My son, Adam, was born on April 10, 1989. He has Asperger’s syndrome or high functioning autism. Age wise, he is on the very leading edge of the tsunami of autistic children. As such, he was not correctly diagnosed until he was 8 years old. We took him to a well known medical center for a diagnosis and specifically asked if he was autistic, and they said no, just PDD – Pervasive Developmental Delay. Today he would have been diagnosed years earlier as he had all the classic symptoms.
I will never forget the evening when Annetta, my wife, was researching on the internet. I call it Internet .5 of the 90’s since it was limited information and rough finding data. She hollered for me to come and see something. It was a list of the primary characteristics of someone with Asperger’s Syndrome Every item on the list was one Adam exhibited –lack of eye contact, low muscle tone,lack of attention span,etc. Within a week we had a confirmation of the diagnosis from the TEACCH organization at the University of North Carolina in Chapel Hill, NC.

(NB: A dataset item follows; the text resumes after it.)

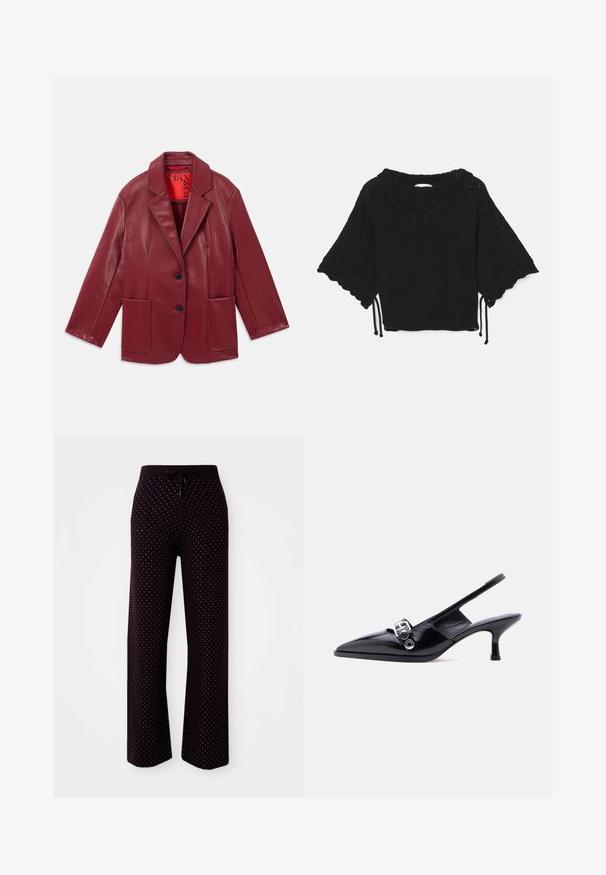 Blazer de imitación cuero rojo con solapas, dos bolsillos frontales y dos botones negros. Forrado con un interior rojo en contraste.; Top de punto negro de manga corta que presenta un patrón texturizado, mangas con forma de concha y detalles de cordón en el dobladillo.; Pantalones de lounge morados oscuros con cintura ajustable, que presentan un patrón de lunares de pequeños puntos blancos, corte de pierna ancha y una textura de tela suave.; Zapato de charol negro con talón bajo tipo slingback, punta puntiaguda y detalle de hebilla plateada sobre fondo blanco liso.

In the middle and late ‘90s there were no standards or “best practices” protocols to provide for the best possible outcome for autistic children. We were in the dark and Annetta spend hours researching and reading about Autism and the many varied programs that were available. Each was advocated by practitioners who had seen it work. She attended conferences, we bought several pieces of equipment, attended programs, diets - tried them all. Some worked, but to varying degrees, and never the way it was presented.
During this time we had the usual “fights” with the public school system during his elementary school years. They were as much in the dark about how to best handle autistic children as we were.